Thea stares at him, her pulse quickening with fear. ‘We’ve been on this island for nearly a century. You can’t be telling me that she never got round to turning it off?’

‘I’ve got equipment monitoring the fog,’ he says bleakly. ‘For ninety years, it hasn’t made a peep, but when I woke up this morning, every light was flashing red. The barrier’s down, Thea. The fog’s closing in. At this rate, it will swallow the island in thirty-eight hours.’

TWENTY-NINE

‘Abi, you need to get the barriers back up,’ demands Thea, loud enough to startle the vultures, whose hungry eyes have turned to their dying comrade.

‘The deadman’s switch is not a protocol I can bypass,’ I explain. ‘Niema’s orders are clear.’

‘Damn the orders!’ she snaps. ‘Stop the fog!’

‘I cannot disregard an instruction from Niema any more than your arm could disregard your desire to scratch your nose,’ I say. ‘If it’s any consolation, you’ll be able to live in the cauldron garden. The fog cannot penetrate the dome.’

Thea turns her terrified eyes towards the volcano, its summit lost in clouds.

In the decades after the fog first appeared, they’d catch occasional broadcasts from survivors holed up in fallout shelters on the mainland, or underground bunkers. At first, they were normal distress calls, but as time wore on they became pleas for help, people sobbing as they described the cults and cannibalism unfolding in the concrete tombs they’d sealed themselves in. The lucky ones simply starved to death, but they all went silent eventually.

‘There has to be something else we can do.’ She stares at Hephaestus, pleadingly. ‘Can’t you jerry rig the emitters?’

‘I inspected a couple of them on my way here,’ he says, rubbing a hand across his stubbled scalp, sweat fleeing ahead of it. ‘Each one has hundreds of fail-safes, but her death bypassed them completely. It’s the only thing that could have stopped them working. They’re bricks now, the way she intended. Mother didn’t want her killers to have any way of saving themselves.’

He blows out a breath. ‘The thing is, she told me she’d deactivated the deadman’s switch years ago, which means she must have turned it back on last night.’

‘Why would she do that?’

‘The only reason I can come up with is that she thought she was in danger.’ He scratches his nose, staring at the barracks, levelly. ‘She told me she was planning to wake the villagers after curfew and tell them the truth about this island. You remember how Adil reacted when he found out? He stormed the school with a knife and tried to take her head off. I think one of the villagers – maybe all of them – chased her into that warehouse and set it alight. She probably wiped everybody’s memories while hoping to save herself, but the beam fell and killed her before she could get out.’
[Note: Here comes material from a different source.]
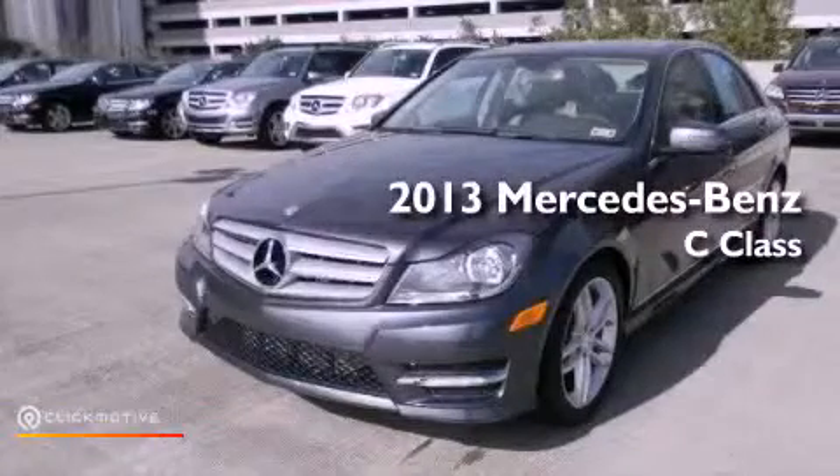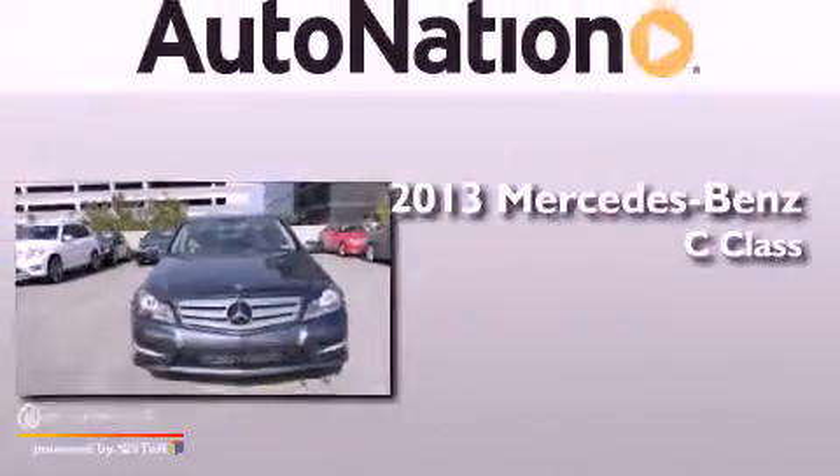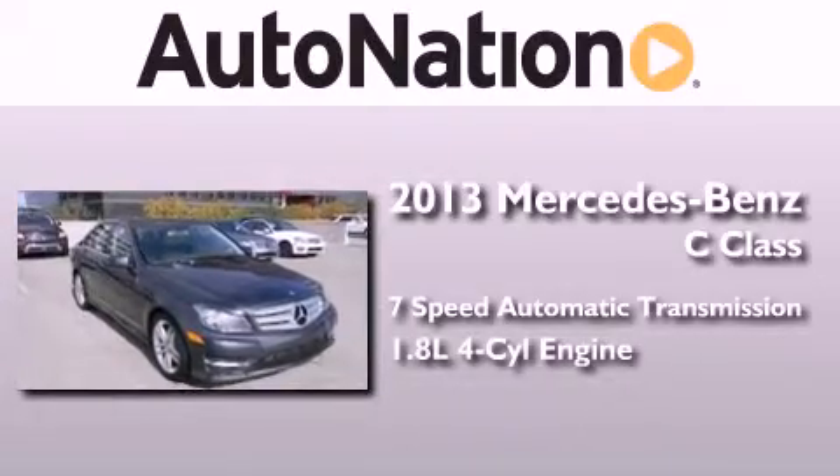This is a brand new 2013 Mercedes-Benz C-Class. This four-door sedan has a seven-speed automatic transmission and an inline four-cylinder engine.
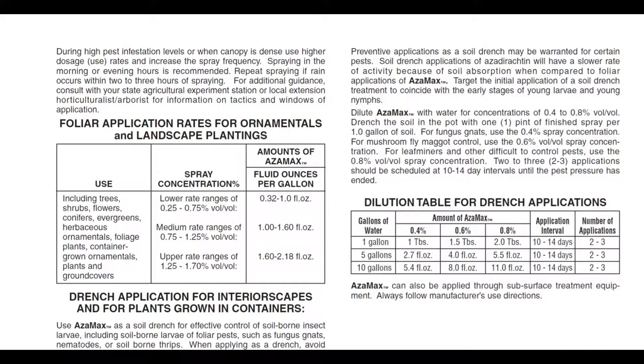Foliar application rates for ornamentals and landscape plantings — trees, shrubs, flowers, conifers, evergreens, herbaceous ornamentals, foliage plants, container-grown ornamentals, and ground covers. Spray concentration: lower rate range is 0.25 to 0.75% volume-to-volume (0.32 to 1 fl oz per gallon); medium rate range is 0.75 to 1.25% (1 to 1.6 fl oz per gallon); and upper rate range is 1.25 to 1.70% (1.6 to 2.18 fl oz per gallon). They've done the math for you, which is really helpful.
He nods at this account, obviously satisfied with his own reasoning, but Thea’s more sceptical. Aside from Adil, no villager has ever hurt another. They’ve never had a physical fight. The children don’t even play rough. They’re pacifistic to the point of evolutionary incompetence. The idea they could be responsible for something as brutal as Niema’s death strikes her as wildly implausible.

‘You can’t honestly be suggesting she was murdered?’ she says.

He lifts the sleeve of his T-shirt, showing her the scratches on his arms.

‘These are made by fingers raking the skin,’ he says. ‘It usually happens in fights, and I have dozens of them, all over me. Bruises like those on your upper arms and wrists are made when you’re being restrained and are struggling to get free.’